Member of Parliament, Lok Sabha
- In office 17 May 2014 – 4 June 2024
- Preceded by: Mahesh Joshi
- Succeeded by: Manju Sharma (politician)
- Constituency: Jaipur

Personal details
- Born: 1 July 1956 (age 69) Jaipur, Rajasthan, India
- Party: Bharatiya Janata Party
- Spouse: Lalita Bohra
- Children: 2
- Occupation: Agriculturist
- Website: http://ramcharanbohra.com

= Ramcharan Bohra =

Indian politician

Ramcharan Bohra (born 1 July 1956) is an Indian politician who has been representing the Jaipur constituency of Rajasthan in the Lok Sabha since 2014. He belongs to the Bharatiya Janata Party.

In 1995, Bohra was elected as zilla parishad of the Jaipur district. In 2014, he was elected to the Lok Sabha by defeating Mahesh Joshi of the Indian National Congress party. Since then, he has been a member of various parliamentary committees.

==Early life==
Bohra was born 1 July 1956 at Jaipur, Rajasthan to a Brahmin family. He studied only till higher secondary schooling.

==Political career==
===Early political career===
In 1983, Bohra joined the Rashtriya Swayamsevak Sangh. Between 1995 and 2000, he served as zilla pramukh of Jaipur district.

===16th Lok Sabha===
On 17 May 2014, Bohra was elected to the Lok Sabha as a candidate of the Bharatiya Janata Party from Jaipur constituency after defeating Mahesh Joshi of the Indian National Congress, his nearest rival by a margin of approximately 539,000 votes. His win was credited to the erstwhile Modi wave and the factionalism within the Congress party. He won by the largest margin in the state of Rajasthan in the general election. After getting elected, he completed all the formalities to nominate Jaipur as a potential Smart City. He started meeting citizens at his house to remove their grievances. He utilised from his MPLADS fund to buy an Auto Hooper car and jetting machine to improve the city's garbage collection system. Funds were also utilised to build public toilets and bus stands in his city. In order to reduce pollution, he made the government approve a water pollution prevention plant.

During Bohra's first stint in the parliament, he served as a member of a standing committee on urban development and of standing committee on tourism, transport and culture. He was also a member of the consultative committee for the ministry of railways.
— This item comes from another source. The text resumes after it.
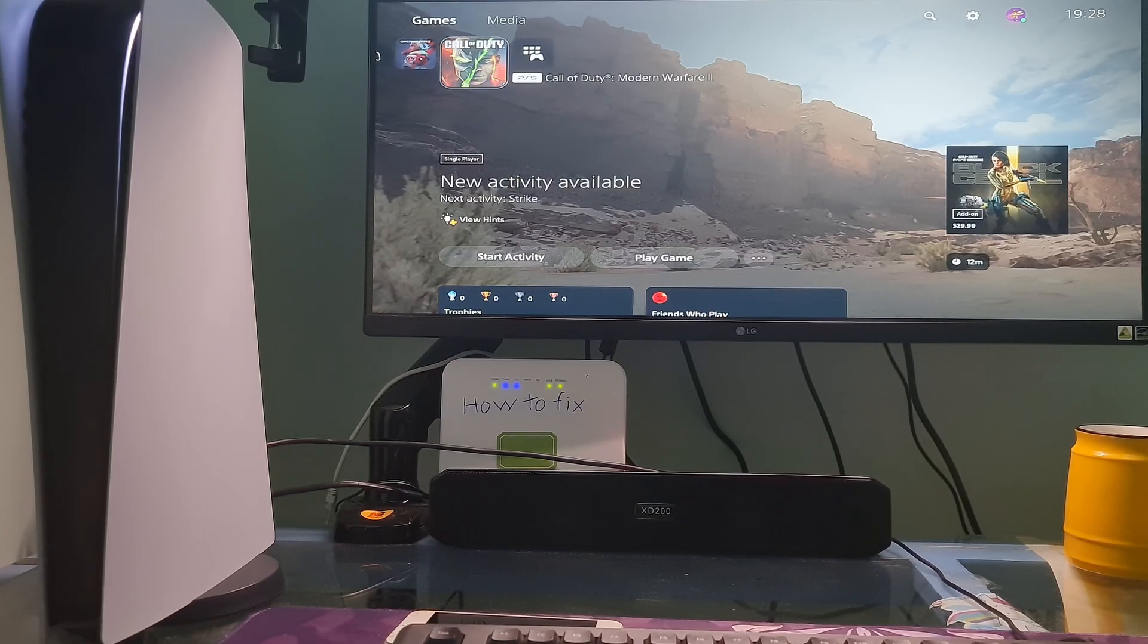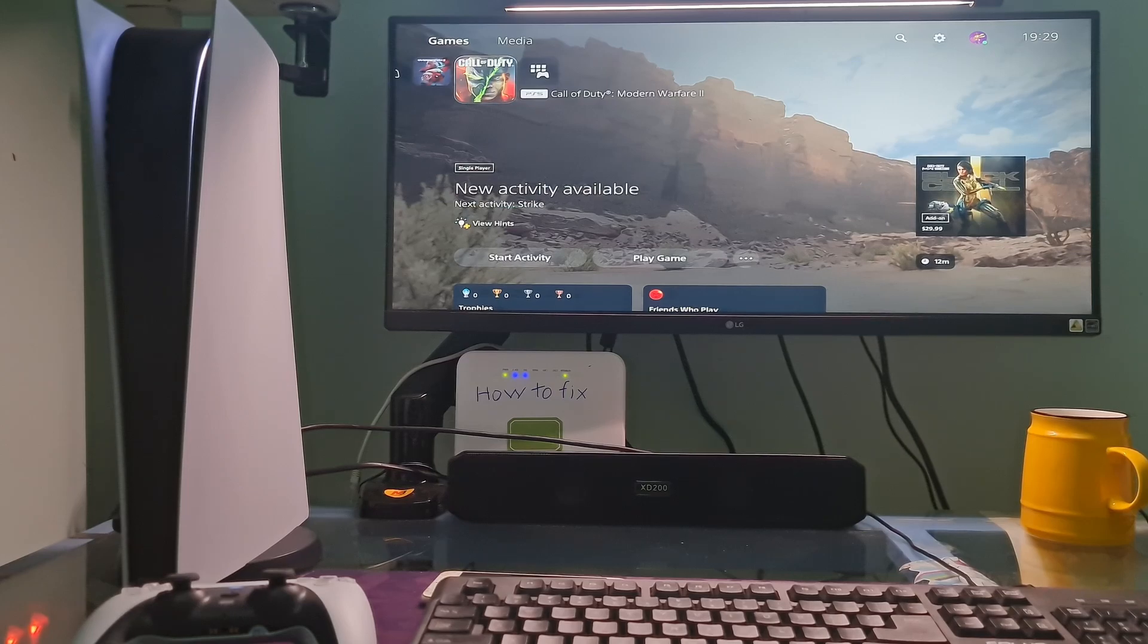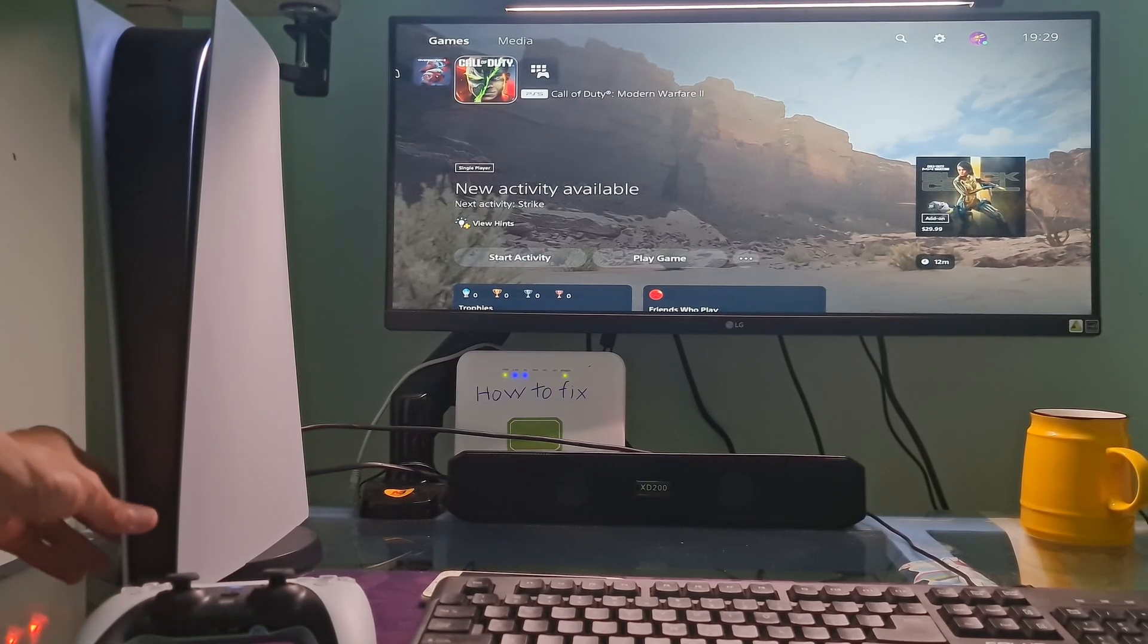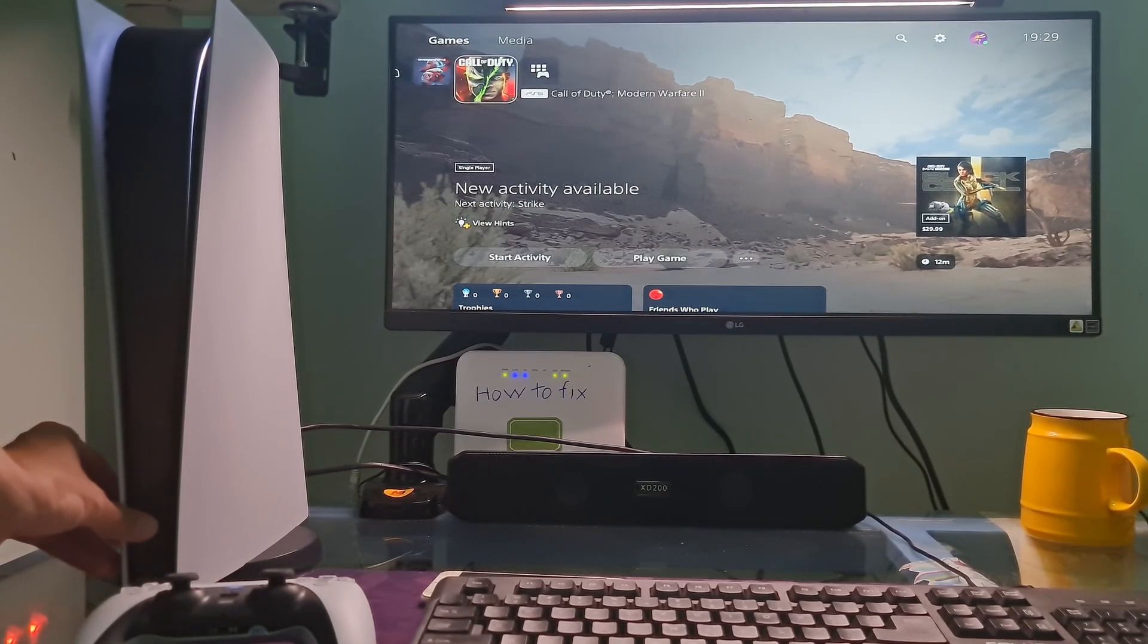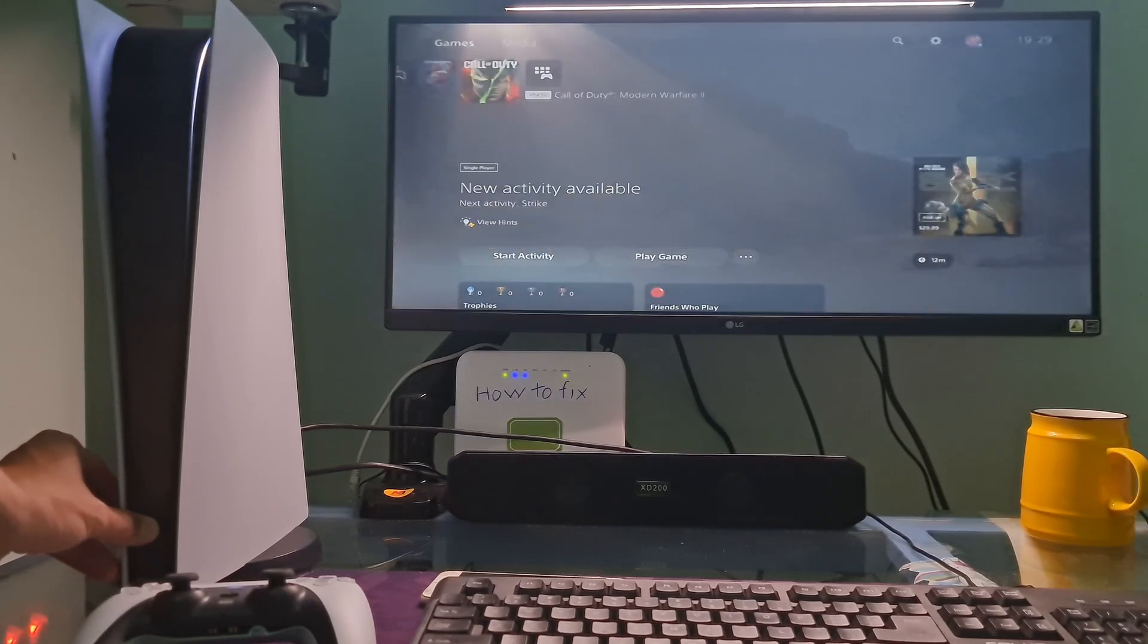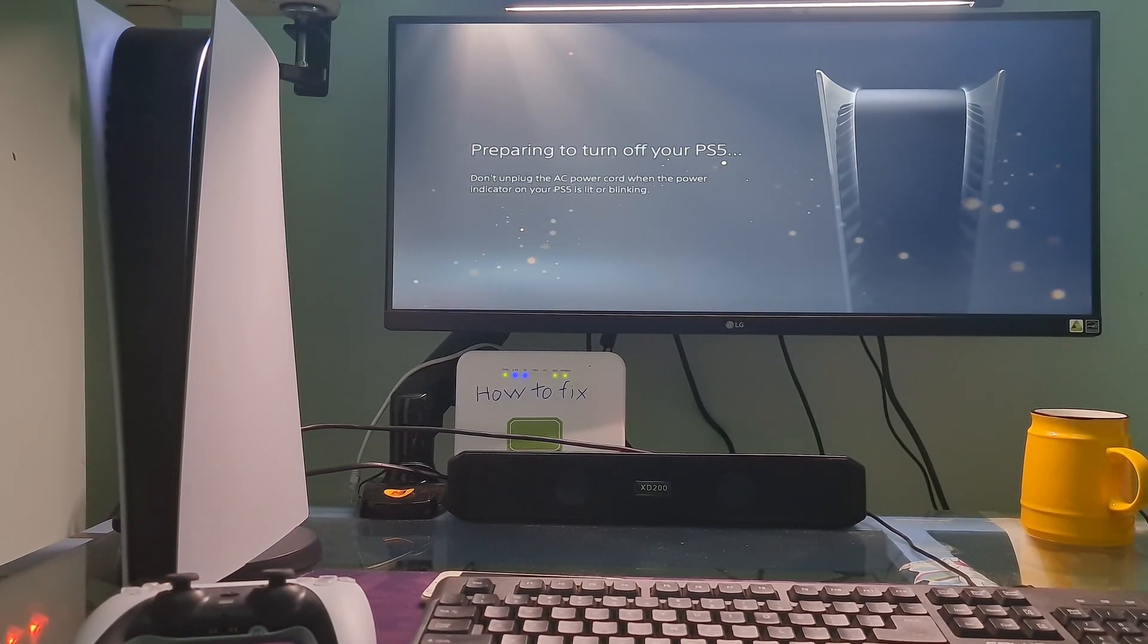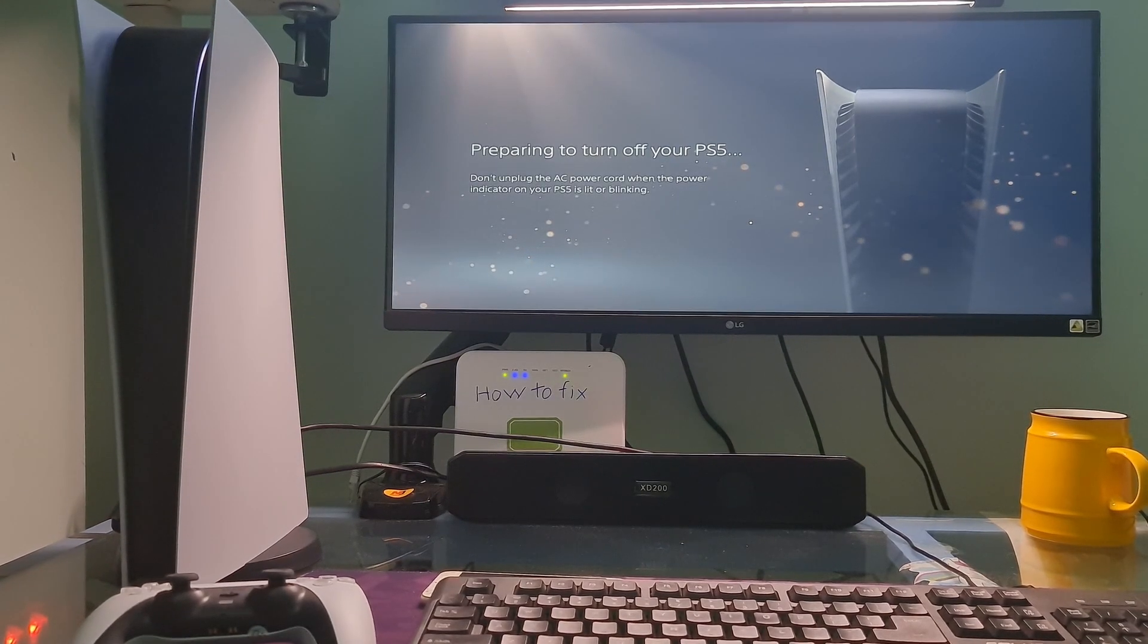First, try rebuilding the database in safe mode. To do that, turn off your PS5 console by pressing and holding the power button until you hear a second beep. The power indicator will blink for a few moments before turning off.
Bohra asked 312 questions and participated in 110 debates in the Lok Sabha.

===17th Lok Sabha===
In 2019, the party renominated Bohra for the upcoming election. He won for the second time on 23 May, and defeated his nearest rival, Jyoti Khandelwal of the Congress party by a margin of 430,626 votes.

==Personal life==
On 9 March 1974, Bohra married Lalita Bohra. They have two sons.